Il faut dire que la forte pénétration iranienne du Moyen-Orient surtout après les récents événements dans le Sud du Liban (accrochage entre le Hezbollah et l’armée israélienne début août, des obusiers automoteurs israéliens ont tiré vers le Liban depuis une position près de la ville de Kiryat Shmona, dans le nord d’Israël, à la suite de tirs de roquettes par le Hezbollah ce qui aurait pu basculer en guerre, Ndlr) et la mainmise iranienne politique sur Bagdad ont mis Washington dans une position peu enviable ce qui l’a incité à réorganiser à nouveau ses cartes dans la région et a transféré le jeu avec les Iraniens sur le terrain afghan, et les Talibans sont le nouvel outil du jeu.
Déstabilisation des grands adversaires russe et chinois
Quant à l’autre grand adversaire des États-Unis à savoir la Russie de Poutine, elle a encerclé la Turquie et l’Europe (pays de l’Otan) avec une ceinture de feu à travers ses missiles à longue portée, elle a commencé à franchir les lignes rouges, en particulier aux frontières de l’Ukraine et à l’intérieur de la Libye et de la Syrie, et c’est pour cette raison également que le recours aux Talibans pour faire revivre à Poutine «l’expérience de l’Union soviétique» (guerre d’Afghanistan 1979-1989, Ndlr) est devenu inévitable.
Quant à la Chine, et face au silence européen, elle a commencé à menacer Washington dans toutes les parties du monde. Son expansion technologique en Asie de l’Est et au Moyen-Orient a mis Washington en position de faiblesse et lui a fait perdre nombre de ses cartes et de son prestige dans le monde, notamment après avoir levé le carton rouge face à Washington au Conseil de sécurité.

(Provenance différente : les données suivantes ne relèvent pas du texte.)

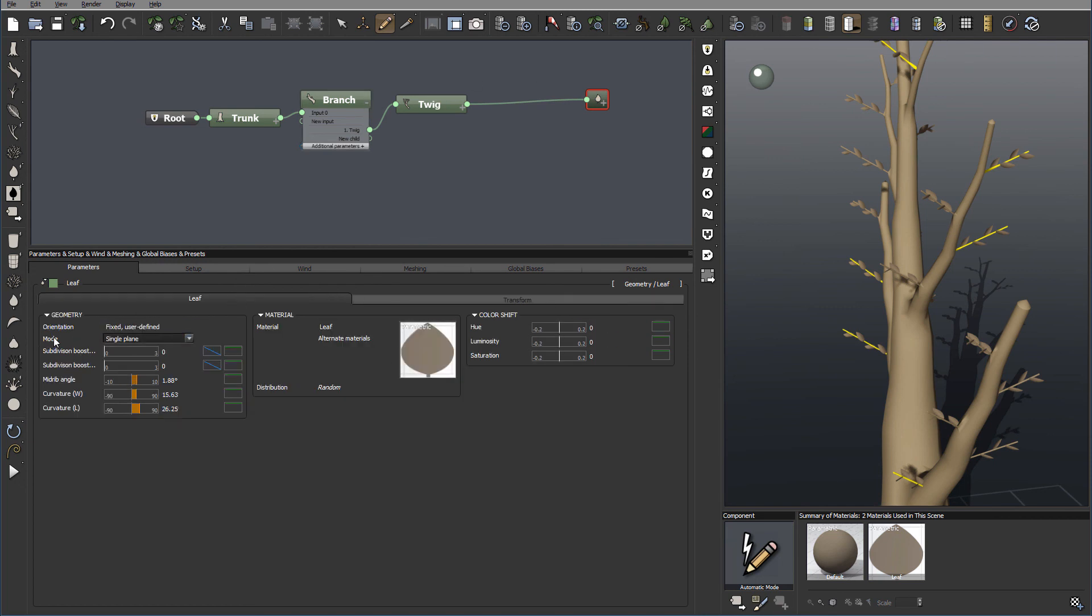The main difference will be what type of leaf we're using and a little bit on materials for the leaves.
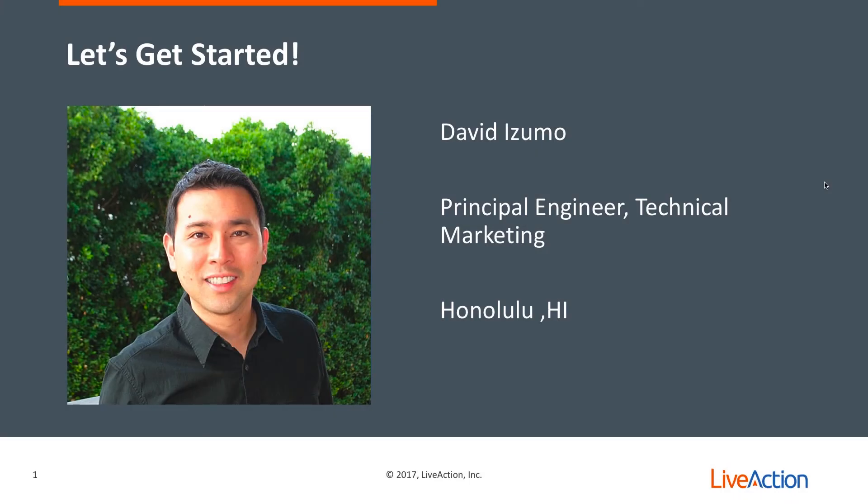Hello, my name is David Izumo. I'm a principal engineer in technical marketing with LiveAction, and I'm based out of Honolulu, Hawaii.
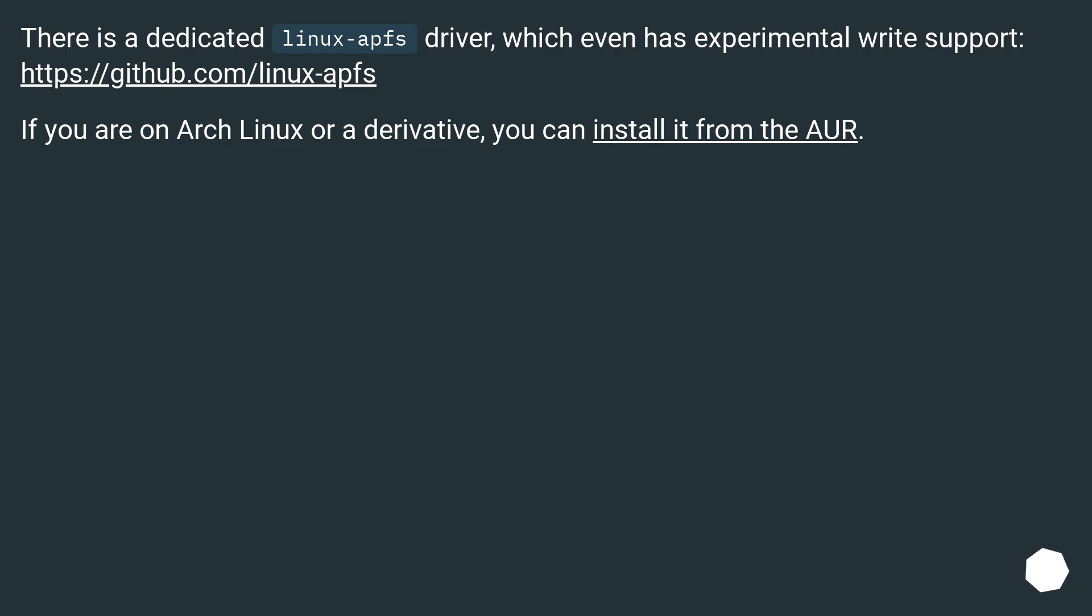There is a dedicated Linux APFS driver which even has experimental write support. This URL. If you are on Arch Linux or a derivative, you can install it from the AUR.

De plus, les peuples de la région ont perdu confiance en les États-Unis à cause de leur mauvaise politique au Moyen-Orient. Il ne fait aucun doute que les pays (Turkménistan, Ouzbékistan, Tadjikistan, Russie, Chine, Inde, Pakistan, Iran et enfin la Turquie) seront touchés par la crise afghane car le vide géopolitique laissé par Washington dans la région va la pousser dans un «chaos créatif» pour mettre un terme à l’expansion russe en eaux chaudes, à l’expansion chinoise en Asie de l’Est et à l’expansion iranienne au Moyen-Orient.
Une vipère venimeuse au service de l’Oncle Sam
Washington a soigneusement et bien arrangé ses cartes avec les Talibans et leur a remis le pays avec ses ressources naturelles en totalité, et en échange, ils attendent d’eux qu’ils agacent l’Iran, la Russie et le Pakistan par le biais d’un plan convenu d’avance.
Ce ne sont pas les Talibans d’il y a vingt ans, Washington les a transformés avec sa sophistication politique en vipère venimeuse qu’il jettera sur n’importe quelle partie qui ne se conforme pas à son agenda et qui essaie de jouer avec les équilibres existants depuis la Seconde Guerre mondiale.
En définitive, l’Afghanistan se dirige inévitablement vers le chaos créatif, la Turquie se retrouvera face à une émigration de masse par millions, le Pakistan – allié des Talibans – les soutiendra avec le renseignement et des équipements militaires tandis que Téhéran et Moscou devront s’attendre dans la période à venir à de nombreuses difficultés, défis et catastrophes qui ont été cuits à feu doux à Doha.
* Ecrivain et analyste syrien. Membre dirigeant du Courant Al-Mustaqbal kurde.